[Activity]
Please write out exactly the lines from the one with "Graduated Bob with Curtain Bangs Hairstyle" through the end of the data below, both ends included, and omit any pictures.

[Given material]

********************

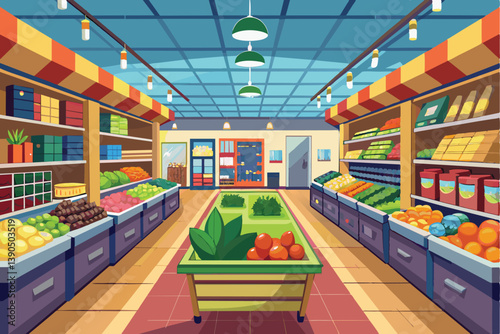 The grocery store showcases a bright interior with neatly arranged produce and shelves stocked with a variety of items, creating an inviting shopping experience for all.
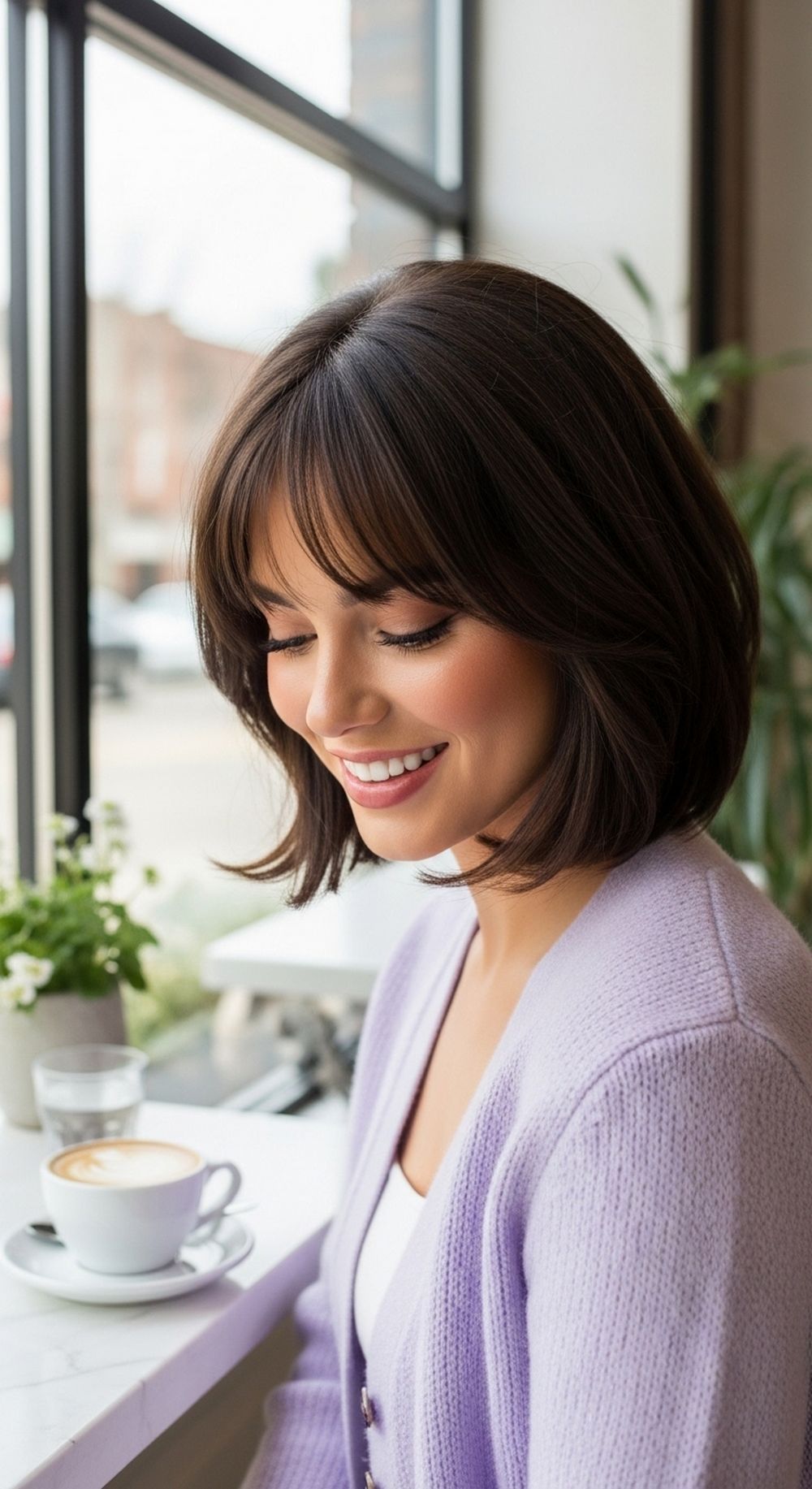 Graduated Bob with Curtain Bangs Hairstyle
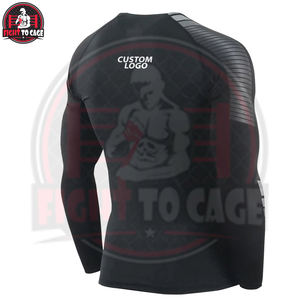 เสื้อรัดกล้ามเนื้อ MMA คุณภาพดีที่สุด ผลิตในปากีสถาน สีดำเทา แห้งเร็ว แขนยาว ผ้าโพลีเอสเตอร์/สแปนเด็กซ์/ไนลอน 220 กรัม - Product Image 4
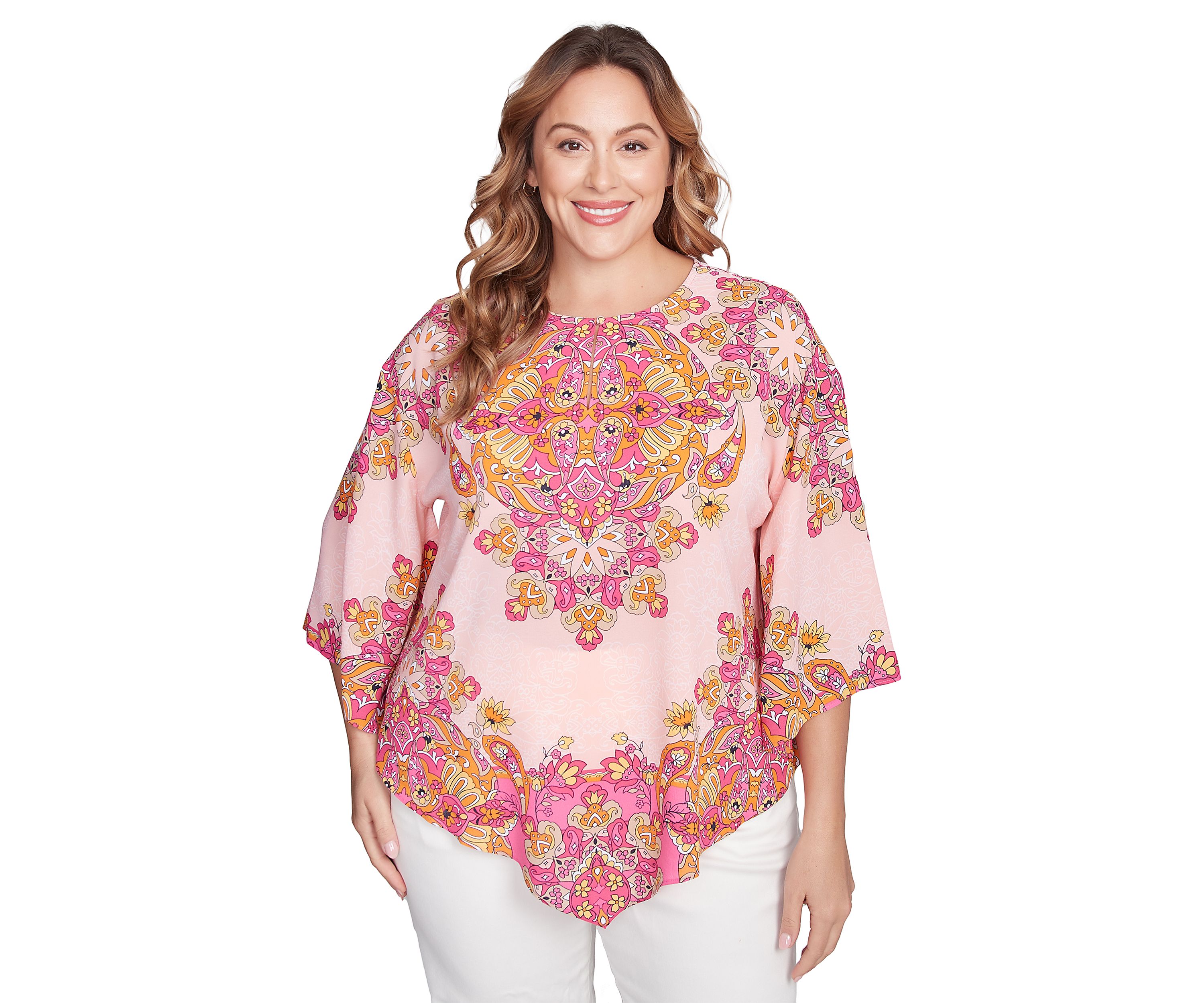 Plus Size Ornate Bohemian Floral Medallion Tunic Top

********************

[Answer below]
 Graduated Bob with Curtain Bangs Hairstyle
 เสื้อรัดกล้ามเนื้อ MMA คุณภาพดีที่สุด ผลิตในปากีสถาน สีดำเทา แห้งเร็ว แขนยาว ผ้าโพลีเอสเตอร์/สแปนเด็กซ์/ไนลอน 220 กรัม - Product Image 4
 Plus Size Ornate Bohemian Floral Medallion Tunic Top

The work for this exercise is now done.